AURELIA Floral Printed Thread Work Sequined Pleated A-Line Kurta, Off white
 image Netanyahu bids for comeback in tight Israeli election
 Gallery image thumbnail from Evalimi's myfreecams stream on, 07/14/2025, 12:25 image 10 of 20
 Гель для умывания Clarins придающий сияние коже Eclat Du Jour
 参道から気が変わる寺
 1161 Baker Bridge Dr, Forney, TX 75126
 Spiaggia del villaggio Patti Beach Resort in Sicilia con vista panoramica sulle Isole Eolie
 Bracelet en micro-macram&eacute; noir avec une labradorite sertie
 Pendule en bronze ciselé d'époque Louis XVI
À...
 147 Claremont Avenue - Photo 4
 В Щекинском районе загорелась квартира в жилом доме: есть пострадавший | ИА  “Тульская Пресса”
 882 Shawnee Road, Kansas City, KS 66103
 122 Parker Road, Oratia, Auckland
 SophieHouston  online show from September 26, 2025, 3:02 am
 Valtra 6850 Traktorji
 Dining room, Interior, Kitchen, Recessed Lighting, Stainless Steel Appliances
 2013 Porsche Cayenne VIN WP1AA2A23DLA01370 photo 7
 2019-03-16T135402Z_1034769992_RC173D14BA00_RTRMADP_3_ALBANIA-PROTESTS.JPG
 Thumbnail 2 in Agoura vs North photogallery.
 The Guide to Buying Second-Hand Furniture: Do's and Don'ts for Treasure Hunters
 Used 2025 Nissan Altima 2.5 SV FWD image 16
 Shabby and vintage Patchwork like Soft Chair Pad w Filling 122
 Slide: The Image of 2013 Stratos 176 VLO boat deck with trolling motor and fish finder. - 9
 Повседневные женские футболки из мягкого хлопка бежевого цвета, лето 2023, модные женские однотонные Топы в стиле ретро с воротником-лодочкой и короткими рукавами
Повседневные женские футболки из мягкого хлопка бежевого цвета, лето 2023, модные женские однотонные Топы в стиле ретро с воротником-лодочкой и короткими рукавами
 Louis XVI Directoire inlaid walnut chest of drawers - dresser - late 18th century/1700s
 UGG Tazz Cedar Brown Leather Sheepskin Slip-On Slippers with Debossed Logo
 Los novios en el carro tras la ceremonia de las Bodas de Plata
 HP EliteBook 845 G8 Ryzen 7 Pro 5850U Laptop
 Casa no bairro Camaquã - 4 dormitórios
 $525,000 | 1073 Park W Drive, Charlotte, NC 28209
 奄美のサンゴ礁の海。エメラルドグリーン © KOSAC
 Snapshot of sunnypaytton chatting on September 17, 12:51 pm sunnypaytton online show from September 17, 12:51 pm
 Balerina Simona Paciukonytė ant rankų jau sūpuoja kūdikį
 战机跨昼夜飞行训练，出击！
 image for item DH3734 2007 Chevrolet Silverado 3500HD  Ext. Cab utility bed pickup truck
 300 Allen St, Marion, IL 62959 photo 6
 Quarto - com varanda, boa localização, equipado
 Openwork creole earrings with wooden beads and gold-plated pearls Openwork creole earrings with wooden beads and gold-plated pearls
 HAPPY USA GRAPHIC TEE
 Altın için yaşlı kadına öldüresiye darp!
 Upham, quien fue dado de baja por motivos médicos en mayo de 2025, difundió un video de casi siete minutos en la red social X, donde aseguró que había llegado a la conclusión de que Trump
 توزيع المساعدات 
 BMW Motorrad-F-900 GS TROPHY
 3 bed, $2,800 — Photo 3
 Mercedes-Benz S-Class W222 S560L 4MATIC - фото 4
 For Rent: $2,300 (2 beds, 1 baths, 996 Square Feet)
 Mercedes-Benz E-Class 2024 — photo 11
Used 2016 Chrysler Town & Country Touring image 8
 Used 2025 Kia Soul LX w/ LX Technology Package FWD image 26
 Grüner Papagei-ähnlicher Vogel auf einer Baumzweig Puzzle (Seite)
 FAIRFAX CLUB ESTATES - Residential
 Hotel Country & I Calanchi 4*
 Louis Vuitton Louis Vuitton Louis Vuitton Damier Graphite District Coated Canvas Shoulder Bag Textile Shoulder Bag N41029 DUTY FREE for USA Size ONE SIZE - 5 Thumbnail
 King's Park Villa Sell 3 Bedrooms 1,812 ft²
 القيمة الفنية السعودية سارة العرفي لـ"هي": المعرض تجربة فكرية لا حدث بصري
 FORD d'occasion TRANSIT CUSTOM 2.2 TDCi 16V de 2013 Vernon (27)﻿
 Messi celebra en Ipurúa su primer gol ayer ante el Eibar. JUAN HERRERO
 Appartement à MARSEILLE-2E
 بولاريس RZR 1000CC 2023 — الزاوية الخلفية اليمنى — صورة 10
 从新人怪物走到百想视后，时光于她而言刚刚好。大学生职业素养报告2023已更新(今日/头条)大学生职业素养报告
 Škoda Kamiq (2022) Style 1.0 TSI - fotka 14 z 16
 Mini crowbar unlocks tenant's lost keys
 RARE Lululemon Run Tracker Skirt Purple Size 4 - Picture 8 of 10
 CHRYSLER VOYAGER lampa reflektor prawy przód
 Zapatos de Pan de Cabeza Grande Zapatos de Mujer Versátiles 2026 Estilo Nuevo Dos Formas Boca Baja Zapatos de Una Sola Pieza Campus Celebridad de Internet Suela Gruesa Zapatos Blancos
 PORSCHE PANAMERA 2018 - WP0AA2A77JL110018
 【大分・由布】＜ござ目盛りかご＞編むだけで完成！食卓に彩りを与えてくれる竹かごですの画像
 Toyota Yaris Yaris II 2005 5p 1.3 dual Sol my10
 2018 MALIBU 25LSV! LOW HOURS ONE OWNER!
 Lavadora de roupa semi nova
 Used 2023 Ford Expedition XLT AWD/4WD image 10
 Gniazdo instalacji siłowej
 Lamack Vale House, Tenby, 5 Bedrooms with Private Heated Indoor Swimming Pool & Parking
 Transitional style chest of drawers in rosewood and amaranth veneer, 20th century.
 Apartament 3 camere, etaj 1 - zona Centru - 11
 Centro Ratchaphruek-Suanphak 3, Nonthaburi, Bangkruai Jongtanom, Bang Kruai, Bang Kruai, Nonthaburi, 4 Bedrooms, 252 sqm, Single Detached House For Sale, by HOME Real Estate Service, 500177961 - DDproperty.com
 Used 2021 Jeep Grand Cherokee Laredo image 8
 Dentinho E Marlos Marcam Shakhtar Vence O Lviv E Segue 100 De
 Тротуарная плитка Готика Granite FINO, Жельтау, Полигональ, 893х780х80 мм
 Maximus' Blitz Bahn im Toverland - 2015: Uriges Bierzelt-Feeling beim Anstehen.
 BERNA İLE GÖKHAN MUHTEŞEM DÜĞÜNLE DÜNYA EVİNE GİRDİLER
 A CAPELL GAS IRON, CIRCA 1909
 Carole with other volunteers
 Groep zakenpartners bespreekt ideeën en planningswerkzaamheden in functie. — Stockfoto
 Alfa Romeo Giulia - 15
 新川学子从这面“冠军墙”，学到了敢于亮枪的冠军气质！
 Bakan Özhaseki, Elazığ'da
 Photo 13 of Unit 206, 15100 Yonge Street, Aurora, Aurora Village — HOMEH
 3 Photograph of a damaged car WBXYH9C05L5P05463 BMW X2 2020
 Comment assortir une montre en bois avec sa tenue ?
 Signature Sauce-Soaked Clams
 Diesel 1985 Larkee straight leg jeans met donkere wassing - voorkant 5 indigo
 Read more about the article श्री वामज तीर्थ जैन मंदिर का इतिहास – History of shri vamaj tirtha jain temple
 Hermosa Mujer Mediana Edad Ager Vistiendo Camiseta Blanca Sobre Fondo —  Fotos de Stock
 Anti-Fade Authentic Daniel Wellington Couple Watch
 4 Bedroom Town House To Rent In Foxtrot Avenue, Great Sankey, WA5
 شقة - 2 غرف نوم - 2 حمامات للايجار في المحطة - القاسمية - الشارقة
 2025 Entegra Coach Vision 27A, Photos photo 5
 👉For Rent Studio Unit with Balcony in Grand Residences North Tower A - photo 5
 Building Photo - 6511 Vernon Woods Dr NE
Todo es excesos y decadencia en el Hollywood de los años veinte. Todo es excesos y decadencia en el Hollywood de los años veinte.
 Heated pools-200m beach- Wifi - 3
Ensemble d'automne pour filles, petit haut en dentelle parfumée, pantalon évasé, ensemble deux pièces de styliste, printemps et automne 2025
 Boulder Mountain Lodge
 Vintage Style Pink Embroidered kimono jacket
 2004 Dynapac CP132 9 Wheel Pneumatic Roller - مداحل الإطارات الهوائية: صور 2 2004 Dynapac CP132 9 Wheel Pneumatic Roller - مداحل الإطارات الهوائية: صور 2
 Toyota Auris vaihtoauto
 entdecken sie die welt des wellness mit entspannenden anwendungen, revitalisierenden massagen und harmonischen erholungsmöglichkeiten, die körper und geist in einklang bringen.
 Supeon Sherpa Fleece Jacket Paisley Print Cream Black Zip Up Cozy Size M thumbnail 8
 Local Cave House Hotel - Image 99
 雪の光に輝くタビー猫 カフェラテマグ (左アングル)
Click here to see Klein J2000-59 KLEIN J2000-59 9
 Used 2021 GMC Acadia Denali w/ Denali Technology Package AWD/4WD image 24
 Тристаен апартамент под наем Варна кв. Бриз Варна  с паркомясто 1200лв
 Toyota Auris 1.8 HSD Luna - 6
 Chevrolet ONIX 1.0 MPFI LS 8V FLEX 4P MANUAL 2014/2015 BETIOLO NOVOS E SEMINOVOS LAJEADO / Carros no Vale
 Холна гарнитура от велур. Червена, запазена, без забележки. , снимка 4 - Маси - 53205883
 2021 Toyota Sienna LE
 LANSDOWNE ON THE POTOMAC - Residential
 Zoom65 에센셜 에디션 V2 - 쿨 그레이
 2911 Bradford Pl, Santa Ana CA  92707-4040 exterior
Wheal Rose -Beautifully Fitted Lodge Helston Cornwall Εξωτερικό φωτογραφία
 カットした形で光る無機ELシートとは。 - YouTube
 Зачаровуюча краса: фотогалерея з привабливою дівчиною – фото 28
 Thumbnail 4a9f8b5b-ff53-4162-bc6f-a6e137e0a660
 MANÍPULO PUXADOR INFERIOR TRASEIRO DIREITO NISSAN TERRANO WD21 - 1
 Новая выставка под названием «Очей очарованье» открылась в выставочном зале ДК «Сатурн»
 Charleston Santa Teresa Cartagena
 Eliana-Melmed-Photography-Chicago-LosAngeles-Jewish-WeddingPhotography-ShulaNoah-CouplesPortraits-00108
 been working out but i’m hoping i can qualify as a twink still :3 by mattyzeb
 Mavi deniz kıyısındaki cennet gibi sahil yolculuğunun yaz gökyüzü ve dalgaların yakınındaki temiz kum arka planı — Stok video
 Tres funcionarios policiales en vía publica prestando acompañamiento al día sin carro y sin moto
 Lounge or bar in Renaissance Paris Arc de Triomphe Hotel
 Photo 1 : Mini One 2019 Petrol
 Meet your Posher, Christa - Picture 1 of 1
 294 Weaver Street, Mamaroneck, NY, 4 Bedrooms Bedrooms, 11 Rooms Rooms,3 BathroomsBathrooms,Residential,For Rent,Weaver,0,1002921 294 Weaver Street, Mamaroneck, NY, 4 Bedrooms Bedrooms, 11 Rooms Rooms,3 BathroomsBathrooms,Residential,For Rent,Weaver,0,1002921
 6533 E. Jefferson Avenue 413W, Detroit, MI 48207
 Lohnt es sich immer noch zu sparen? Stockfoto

What this task involves - For the material above, reproduce exactly the lines from the line with "Shabby and vintage" to the line with "Slide: The Image", inclusive, and exclude all others.

Reply to the exercise -
 Shabby and vintage Patchwork like Soft Chair Pad w Filling 122
 Slide: The Image of 2013 Stratos 176 VLO boat deck with trolling motor and fish finder. - 9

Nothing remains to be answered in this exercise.